SIUE’s Dr. Tandra Taylor Makes Her Debut on Emmy-nominated “Listen, St. Louis with Carol Daniel” Nine PBS Juneteenth Special

During the recent recording of “Listen, St. Louis with Carol Daniel,” an Emmy-nominated PBS podcast produced by St. Louis broadcast station Nine PBS, Southern Illinois University Edwardsville’s Tandra Taylor, PhD, appeared as a guest expert on African American culinary history. Host Carol Daniel featured Taylor on a special Juneteenth broadcast set to debut on Thursday, June 19. The show was recorded in front of a live audience on location in St. Louis at the Missouri History Museum.
Daniel introduced, as she described, a soul-stirring discussion to mark the 160 years since the last enslaved persons in the United States learned of their freedom.
“Tonight, we're going to focus on three aspects of life for the formerly enslaved, starting with the immediate aftermath, and then how more and more African Americans are doing the research to determine their ancestry beyond slavery,” said Daniel. “We will conclude our conversation with a delicious talk about food. Food as sustenance, food as cultural impact, and food as resistance by and for those who came out of slavery.”

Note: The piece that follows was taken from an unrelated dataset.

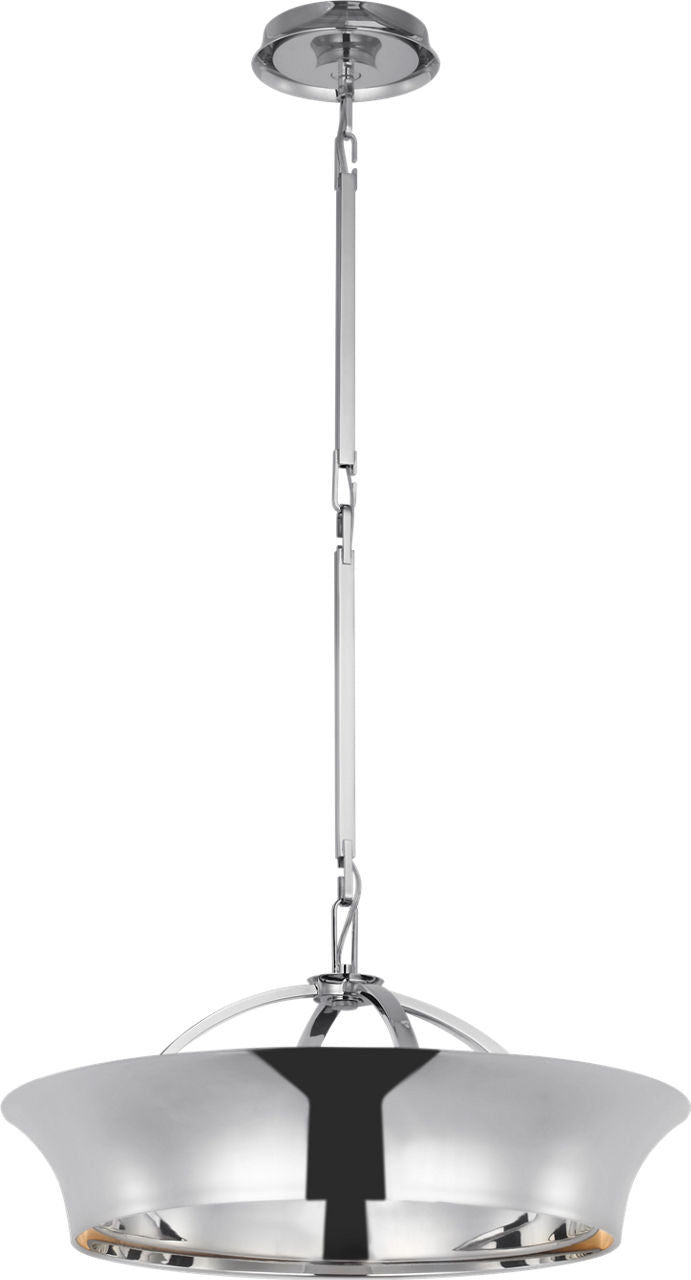 Garland 20" Dual Lit Ring Chandelier | Polished Nickel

Taylor, an assistant professor in SIUE’s Department of History and SIUE's Interim Director of the Institute for Community Justice and Racial Equity (ICJRE) at the Southwestern Illinois Justice and Workforce Development Center on SIUE’s Belleville campus, contributed to the broadcast as an expert on African American food traditions. Taylor’s research on early 20th century Black women, education, and labor fuels her expertise on Black food history and culture.
“My research focuses on Black women, their pursuit of higher education, and their identities,” said Taylor. “The ways in which late 19th and early 20th centuries Black women shape their identities are linked to food. Their work is linked to food, whether as agricultural workers or domestics, like a cook or a maid.”
“While still enslaved, many Africans were allowed to have gardens and supplemented the rations that they received of cornmeal and salt pork. Generally, they further varied those meager staples by fishing, foraging, and hunting,” added Taylor.
In addition to talking about how resourceful enslaved communities were with the staples of cornmeal, pork, cabbage, greens, okra and other food traditions, Taylor explored the lives of post-Emancipation Black women, many of whom as newly freed persons had to still live in the same home as their form enslavers turned employers. With little privacy and chastised for their pursuit of education and more realistic wages, culinary creativity may have been a form of escape.
“It’s not just food to eat,” Daniel commented. “It’s food to heal.”
Taylor continued the thought: “Food to eat, food to heal, food as a pathway to entrepreneurship.”
Taylor regaled the audience with stories of pioneering chefs, such as Malinda Russell, author of the first published African American cookbook that was written by an African American woman. “A Domestic Cook Book” was published in 1866.
Daniel’s hour-long format guided listeners through fascinating topics, even covering “The Grit Debate,” the recent pop culture debate involving the seasoning of grits. Taylor, by the way, errs on the side of sugarless grits.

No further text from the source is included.